**EXERCISE GOAL**
Repeat exactly the line with "Blue Violet Watercolor" and each line after it to the end of the data below; pictures stay out.

**DATA LISTING**
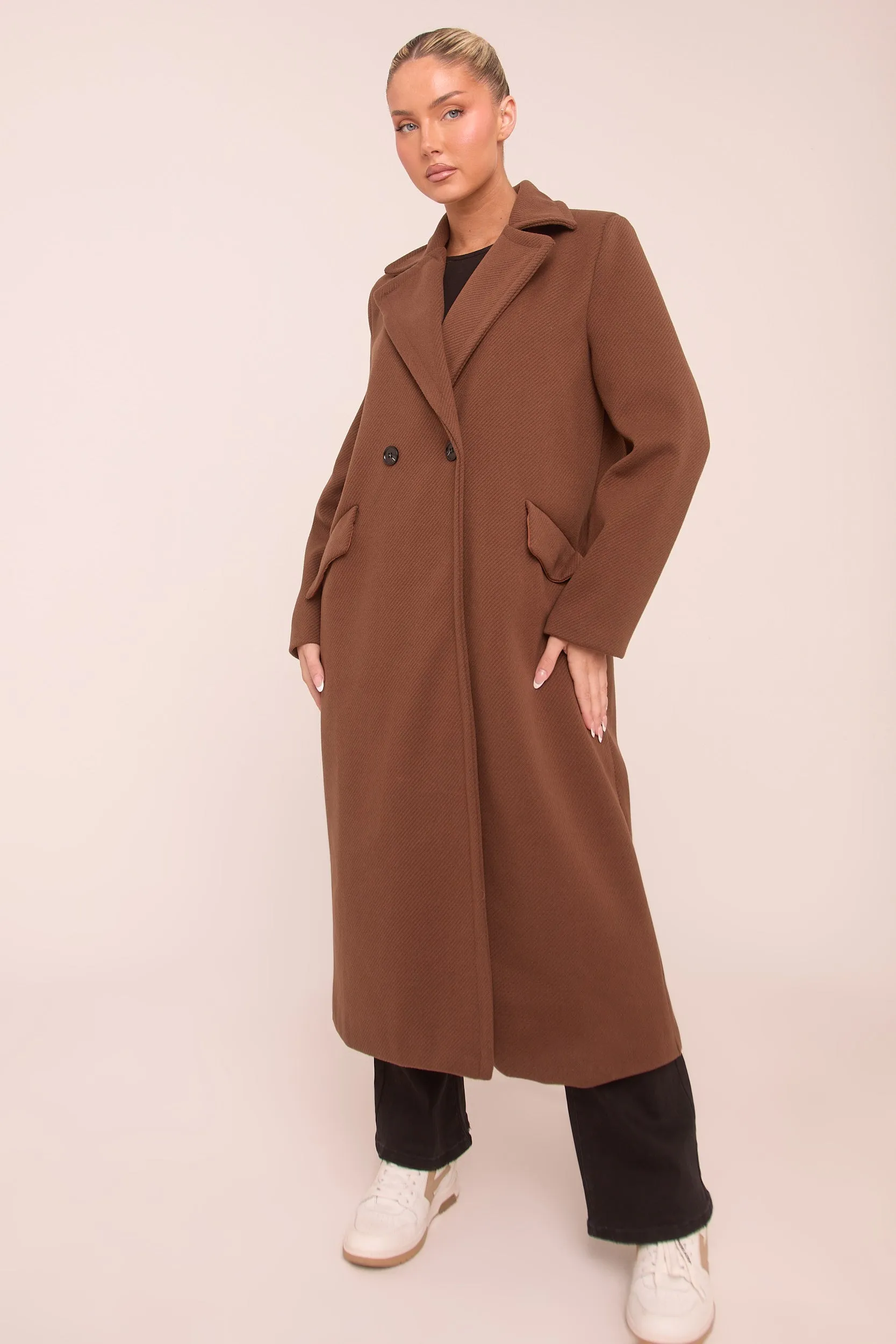 Brown Oversized Double Breasted Longline Coat - Blakely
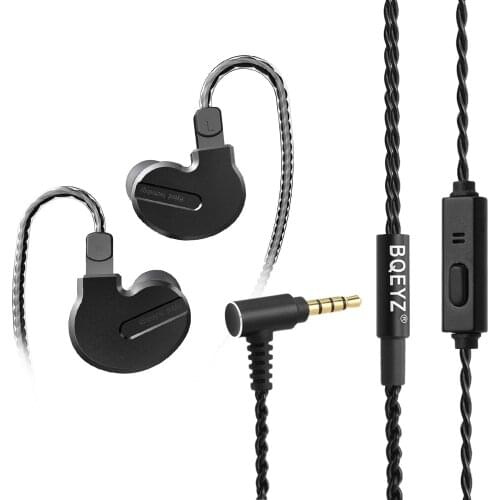 BQEYZ Wired In-ear earphone sports hook DIY Removable Cable Earphones 1BA+2DD Hybrid Dynamic HIFI Earbuds Bass Earphone #Xj30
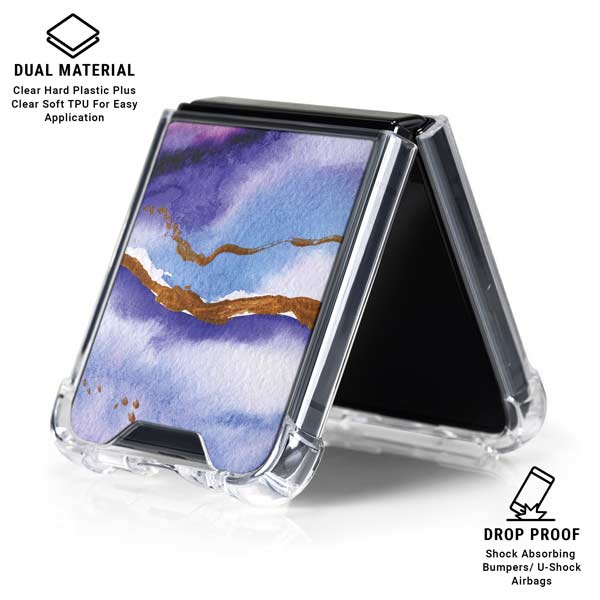 Blue Violet Watercolor Geode Galaxy Z Flip7 Clear Case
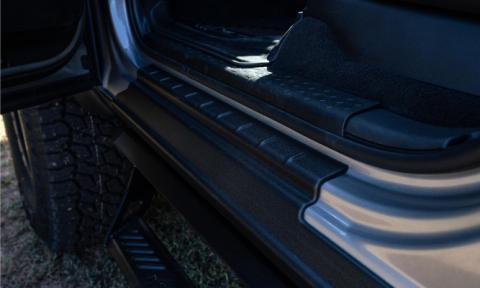 Black Trail Armor Rocker Panel And Sill Plate Covers For 15-20 Ford F150, 17-22 F250/F350/F450 W/Crew Cab Trucks, Pair Bushwacker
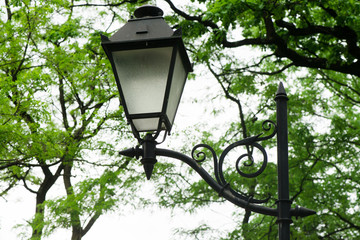 lamp on the street. pillars with lighting.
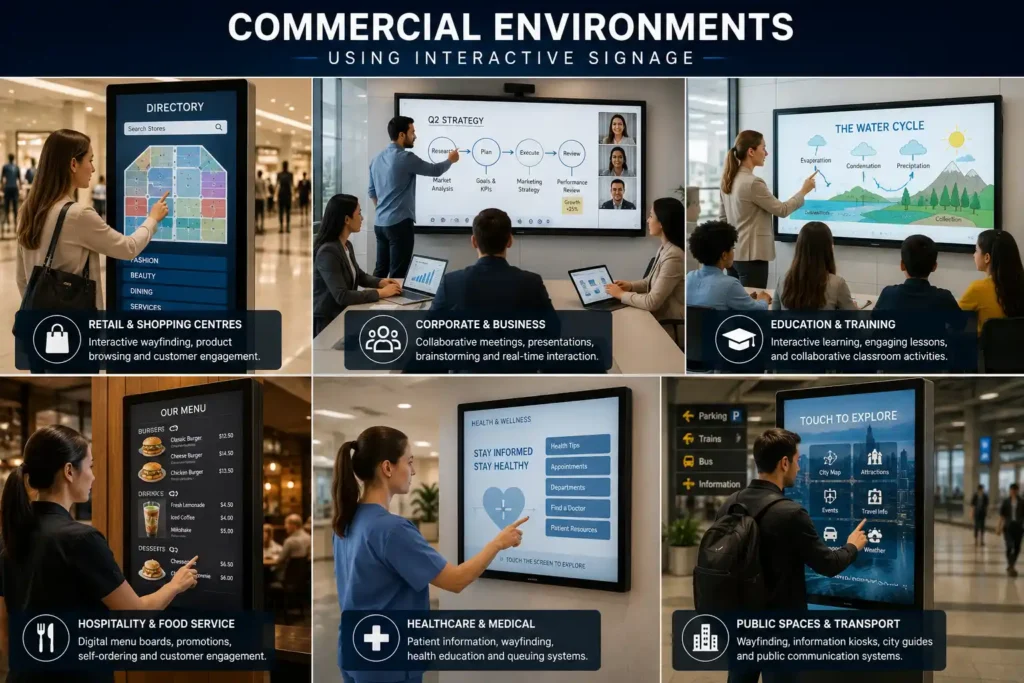 Commercial environments using interactive signage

**PROBLEM SOLUTION**
 Blue Violet Watercolor Geode Galaxy Z Flip7 Clear Case
 Black Trail Armor Rocker Panel And Sill Plate Covers For 15-20 Ford F150, 17-22 F250/F350/F450 W/Crew Cab Trucks, Pair Bushwacker
 lamp on the street. pillars with lighting.
 Commercial environments using interactive signage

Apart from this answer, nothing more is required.